• **How to complete this task**
When copying the data, keep every line exactly the same.

• **Dataset extract**
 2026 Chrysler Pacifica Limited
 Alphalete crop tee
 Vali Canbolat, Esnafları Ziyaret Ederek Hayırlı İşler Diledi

• **Reply to the exercise**
 2026 Chrysler Pacifica Limited
 Alphalete crop tee
 Vali Canbolat, Esnafları Ziyaret Ederek Hayırlı İşler Diledi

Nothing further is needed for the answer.